オリオンの頭を雲の覆ひけり

 

「方円」2014年1月号清象集掲載。

「オリオン」とは言わずと知れたオリオン座の事。歳時記には「冬の星」の傍題として掲載されている。冬の最も知られた星座と言っていいだろう。この星座は、ギリシャ神話に登場する巨人の狩人、オーリーオーンから名づけられている。神話によると、死後天に昇ってオリオン座となり、宿敵のさそり座と共に永遠に夜空を回っているとされている。リゲルやベテルギウスなど明るく目立った星で構成されており、街灯の明るい街中でも見られる星座で、四角の中心に斜線が入った独特の形を想像する人が大半だがそれは胴体で、本当は頭も手足も星座として構成されている。そのちょうど頭の部分に黒い雲。オリオンの勇壮な姿が隠れてしまっている。それでも凛として夜空に立つ姿に敬意を表して詠んだ句。

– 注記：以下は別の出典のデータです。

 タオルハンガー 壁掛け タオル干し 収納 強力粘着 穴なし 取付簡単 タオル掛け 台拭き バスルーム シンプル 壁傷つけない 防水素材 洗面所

そもそもオリオン座の名付け親は、古代ローマの学者、プトレマイオス。彼が生存したのは1世紀後半から2世紀にかけての事。恐らくその頃は今ほど地上の夜は明るくなく、空を見上げると満天の星が見えたのだろう。この頃に48もの星座を考案したとされる。夜空を見上げて、星と星を線で結び、形にして名前を付ける。単純な作業かも知れないが、そうやって形を作るという事、それを何かに見立てるという事。それが後世までスタンダードとされる事。卓越した見事な創造力と言えよう。あまり関係のない話だが、今日は職場で「自分の業務の中で、一つでも改善点を見つけましょう」という話があった。どの職場でもそういう話はあるだろう。これも一つの想像力であり、考える力。普段から身近な事に目を配らせて、創造力を高めていかなければならない。